| Instructions to follow |
Beginning with the line containing "Tapis De Souris Picker De Champignons Fiers" and going on through the line containing "Ter nagedachtenis aan", the lines below are to be returned exactly, pictures excluded and nothing added.

| Dataset |
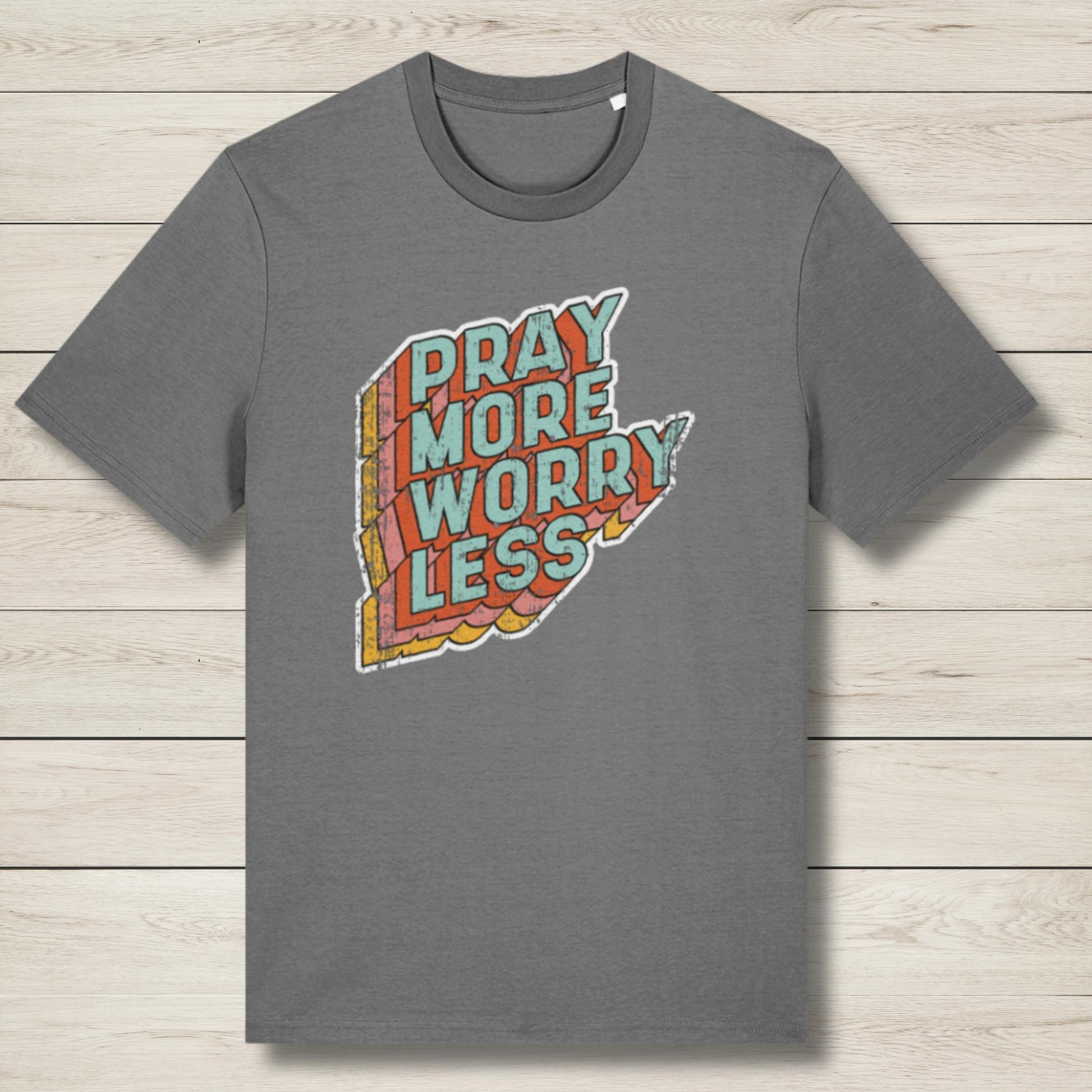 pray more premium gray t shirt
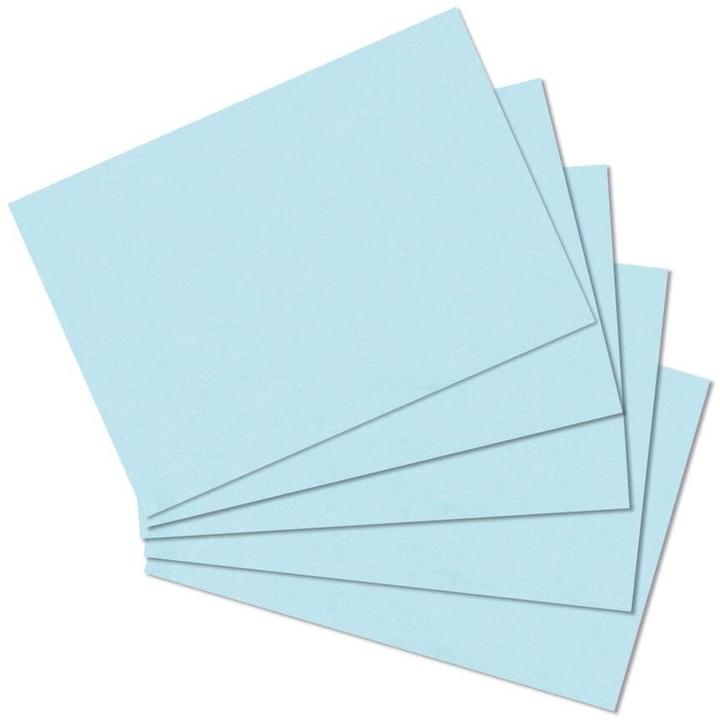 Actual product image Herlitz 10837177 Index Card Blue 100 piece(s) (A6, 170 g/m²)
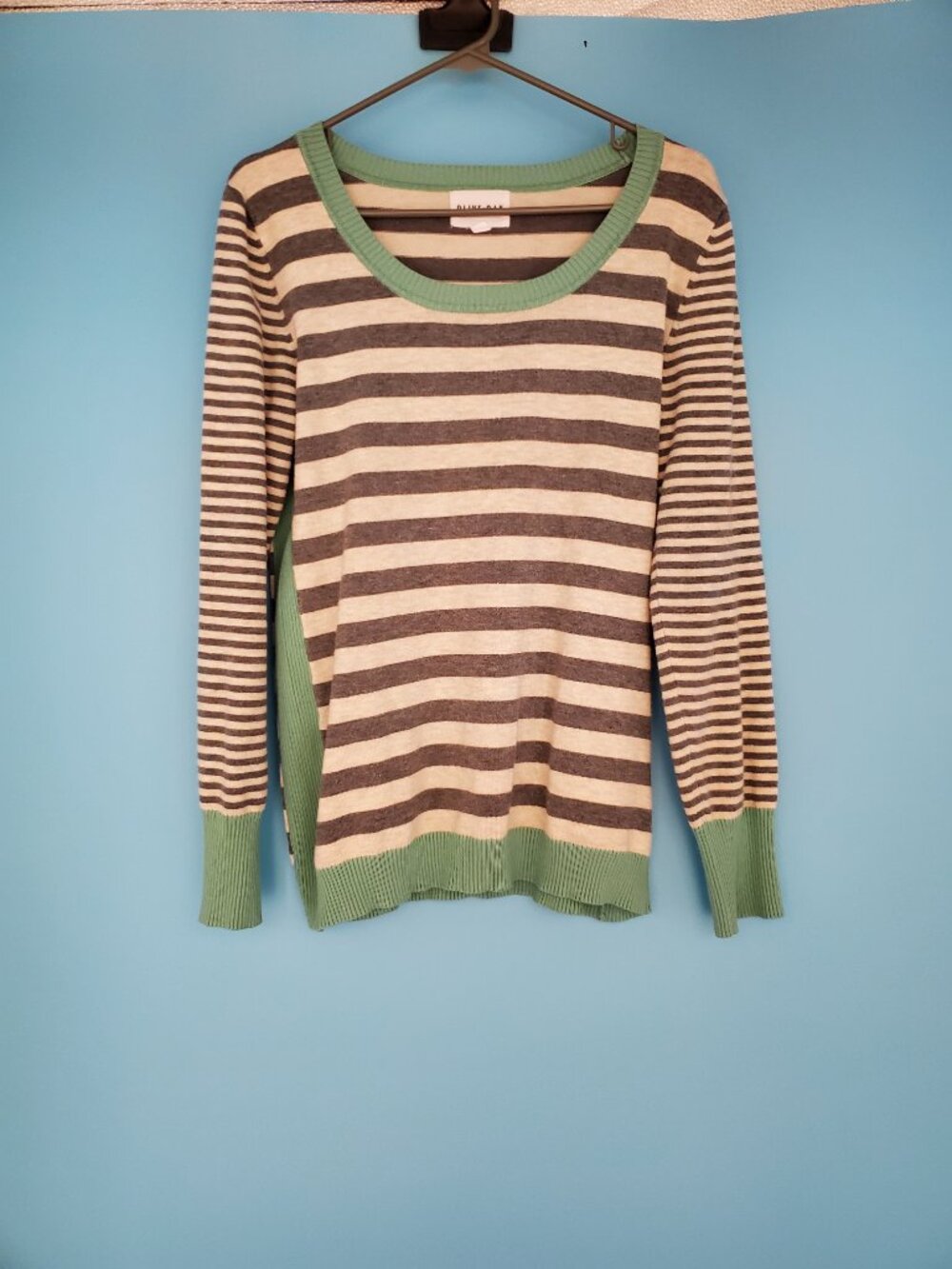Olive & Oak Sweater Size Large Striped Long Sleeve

---

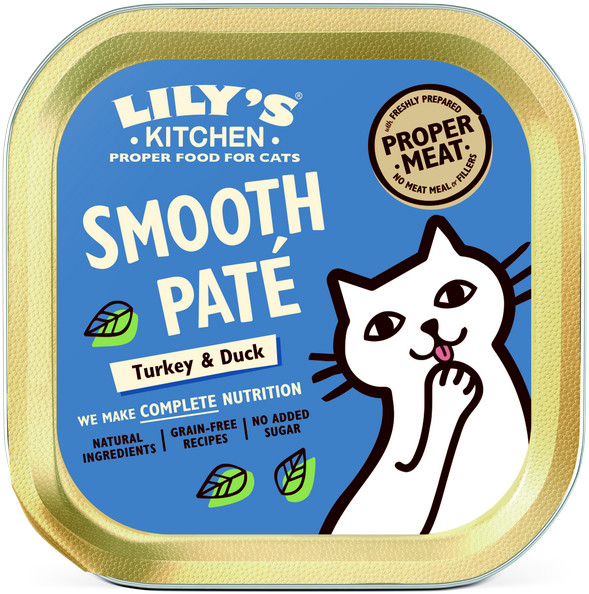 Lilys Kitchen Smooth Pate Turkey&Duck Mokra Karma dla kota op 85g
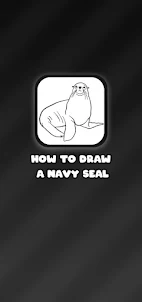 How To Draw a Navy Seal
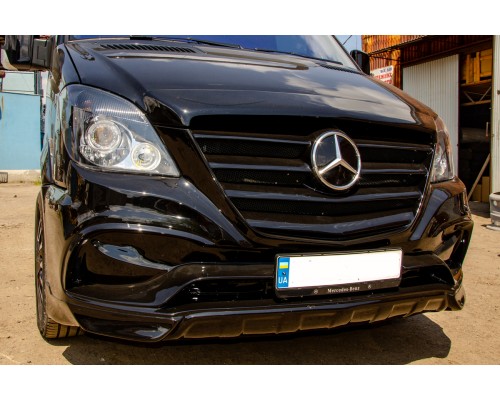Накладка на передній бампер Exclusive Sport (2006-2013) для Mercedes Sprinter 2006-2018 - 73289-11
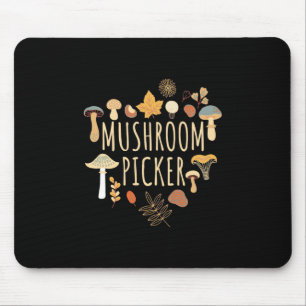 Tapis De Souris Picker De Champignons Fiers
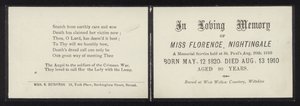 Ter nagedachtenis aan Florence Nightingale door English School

...

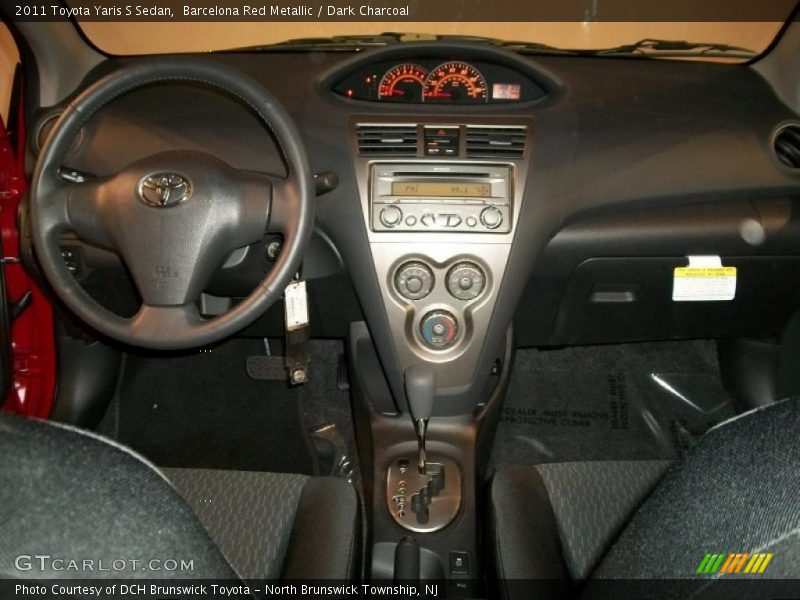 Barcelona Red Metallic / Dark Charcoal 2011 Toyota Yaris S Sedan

| Response to the task |
 Tapis De Souris Picker De Champignons Fiers
 Ter nagedachtenis aan Florence Nightingale door English School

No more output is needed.